Es war zwar nun schon einige Wochen her, dass sich die Eizelle nicht eingenistet hatte, aber es holte mich dennoch immer wieder ein. Ich fühlte mich trotz meiner Freunde, die mich sehr umsorgten, allein.
Ich zog mich zurück. Ich wollte Mikko nicht treffen, ihm nicht in die Augen sehen müssen. Es waren so viele Gefühle, die in mir hoch kamen, wenn ich ihn sah. Ich wollte ihn in den Arm nehmen, ihn küssen, aber auch wegschupsen und ihn anschreien. "Warum wir?" Warum durften wir das Glück einer kleinen gesunden Familie nicht genießen? Ich kenne die medizinischen Fakten. Ich weiß, dass es nicht selten passiert. Aber trotzdem kommt es mir so vor, als wäre es uns nicht gegönnt gewesen.

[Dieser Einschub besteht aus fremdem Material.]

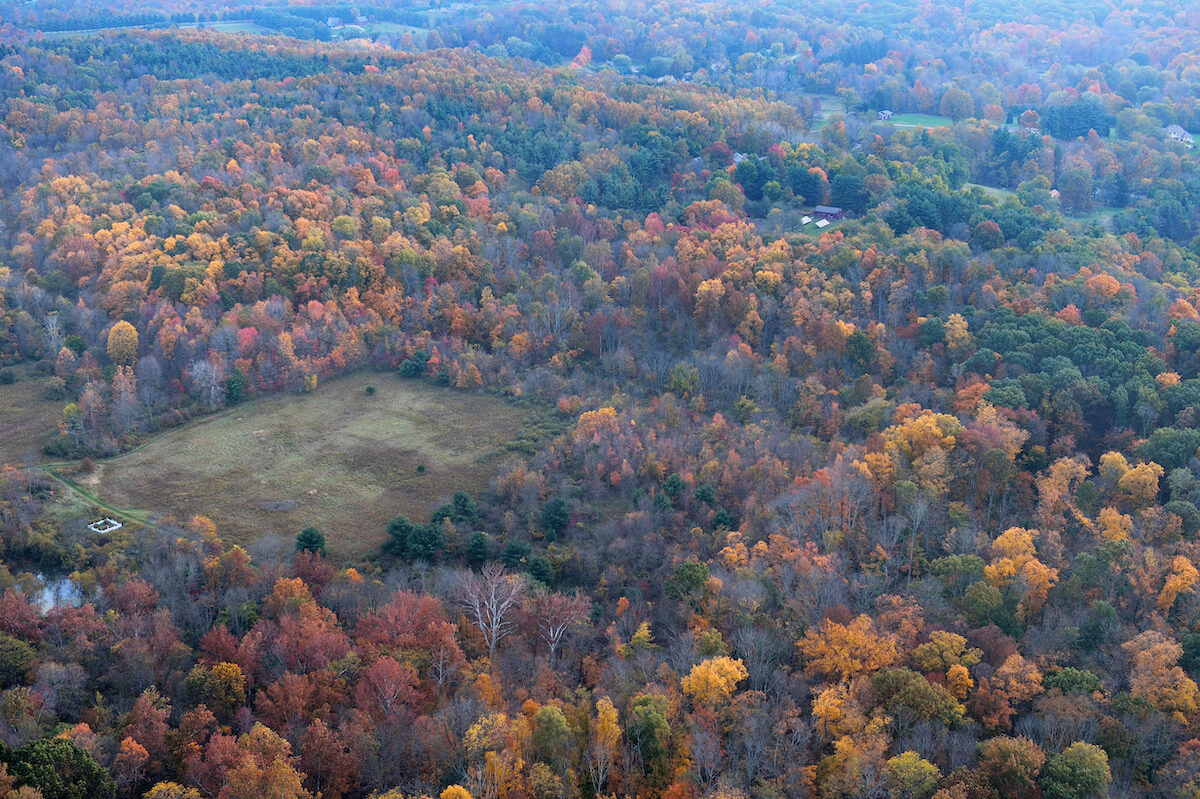 Biological Reserve aerial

Ich stand auf. Machte mich fertig. Wischte mir die Traurigkeit und die Wut aus dem Gesicht, legte mir ein Lächeln auf und versuchte glücklich zu sein. Ich versuchte es wirklich. Ich wollte, dass es mir gut geht und dass keiner sich um mich sorgen müsste. Heute wird ein guter Tag, sagte ich mir. Die Patienten am JTK lagen mir sehr am Herzen. Ich wollte für sie dasein, ich machte keine Fehler. Deswegen musste ich all das von mir schieben. Ich wollte gute Arbeit leisten, ich wollte Menschenleben retten. Das war meine Berufung und heute würde ich wie jeden Tag helfen. Ich duschte, zog mich an und nahm mir meine Tasche, dann verließ ich das Haus. Ich hatte keinen weiten Weg zum JTK, ich konnte ihn zu Fuß laufen. Das half mir sehr oft, den Arbeitstag zu verarbeiten und in meiner Wohnung mein Leben zu leben und nicht dauernd an all meine Patienten zu denken. Auch hin zur Arbeit half es mir, mich vorzubereiten. Im Kopf durchzugehen, was ich heute zu tun hätte und mich auf neue Aufgaben einzustellen.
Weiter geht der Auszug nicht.